A version of this article previously appeared on the desiringGod.org website. This sermon was preached on April 3, 1983.
The Universal Longing for Beauty
Why are millions of mood posters with magnificent landscapes and little philosophic sayings sold each year in America? Why did I feel happy when I looked at purple snapdragons and distant mountains on an Easter card this week? Why did Ayn Rand, who died last year, apparently as a convinced atheist, say that admiration is one of the greatest and rarest pleasures? And she meant the pleasure of admiring greatness, not being admired. Why is there such a thing as stardom in the world of popular music and theater and sports? Why are scenic cruises and scenic tours and $45 coffee-table scenic books a multi-million dollar business? I believe the answer is that the essence of humanness is the appetite for great beauty. Or, to put it in a more God-centered way, God has made us with a hunger to worship him.

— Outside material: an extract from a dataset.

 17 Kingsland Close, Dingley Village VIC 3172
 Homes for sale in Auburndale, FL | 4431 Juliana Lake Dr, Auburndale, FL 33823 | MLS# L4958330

The great tragedy of the human race is that we were made to find infinite joy by admiring God, but have become so blind and so foolish that we spend energy and time and money seeking out things in the world to satisfy our insatiable craving to admire greatness and beauty. The irony of our human condition (and nobody here is an exception) is that God put us within sight of the Himalayas, and we have chosen to pull down the blinds of our chalet and show slides of Buck Hill. But every single person here knows that it hasn’t worked. Our posters and post cards and rock stars and scenic tours and glossy books have never satisfied the deepest longings of our heart. They give some pleasure, and make the drudgery of life a little more livable. But they can never compare to the times when you walk to the window, raise the blinds, throw open the shutters, and see the Himalayan glory of the risen Christ.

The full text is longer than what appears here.